There is no role for misogynist people in society
When hearing this story, which goes beyond what I have just written and focuses heavily on the fact that she is a woman, I find myself compelled to re-educate anyone around me that believes that this behaviour and thought-process is acceptable.
I've built a business based on credentials of the people who are employed in our business regardless of sex, age, religion or race. Each have brought something to the table, but mostly, it's a firm appreciation by all that what makes us different makes us beautiful and unique. To have opportunity to work with people from all over the world and to share meals with people who may be Muslim or Jewish or Catholic or any other religion is an absolute privilege.
I am fascinated by their stories as much as they like to listen to mine.
When it comes to being male or female, and our ages, it becomes personal for a different reason. Should I not hire someone who has ample experience, is up-to-date with all the latest in marketing technologies because they have been deemed to age out? Absolutely not.
Everyone should always been given credit for who they are and what they bring to the table - regardless.
We hear commentary by sportspeople, politicans, business people and in every day life, that is now unacceptable. Women are not meant to be in the kitchen. They can be if they so choose to be, but they have every right to sit at the boardroom table and contribute.
If someone has been in an industry for many years, then it's their experience and potentially mentorship that gives value to generations to come. Don't put that down. Applaud it. Celebrate it. Learn from it.
I have been always against International Women's Day because there is no International Men's Day. I know that some men don't have a healthy respect for women outside the kitchen and bedroom. They exist. But likewise, there are some women who don't always do and say the right things about men. Yes, there are men haters out there too.
But what is important is that we all embrace change. We contribute positively to saying that there is no place for gender inequality, and that both men and women champion this cause.
I spoke at Rare Birds Conference this year, and loved the fact that Jo Burston took the initiative to not exclude men, but include them and make them very much part of her movement.
We are all on this planet and our role is to make it a better place then when we arrived. We all need to work towards being kinder, more generous and building a sustainable environment. Being role models for the young is paramount to seeing them contribute positively in the future.
The recent school debacle in a Brighton public school with "slut shaming" of innocent young girls by senior boys at the school brought to light the fact that more needs to be done and it starts first and foremost at home and extends to classroom and every aspect of life. We cannot have children thinking it's ok to do be a misogynist or sexist or racist.

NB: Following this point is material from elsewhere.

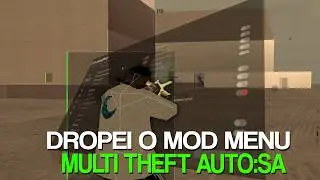 DROPEI O MELHOR HACK PARA MTA 1.6 - AIMBOT/ESP - PUXAR DINHEIRO - TRIGGER - EXPLOITS [MTA:SA]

I cannot speak highly enough of those willing to speak out and challenge the people that are thinking that this behaviour is ok. If someone has a public profile, and it is valuable to the organisations they represent, throwing the carpet over the problem is not going to solve it. If they were not so "valuable" they would be fired. It's still a boys club with some women not having the balls to stand up and be counted.
Let's not shy away from this debate and instead keep forging ahead celebrating both men and women and being more mindful of the things we say and do.
Kindess and compassion never goes out of fashion.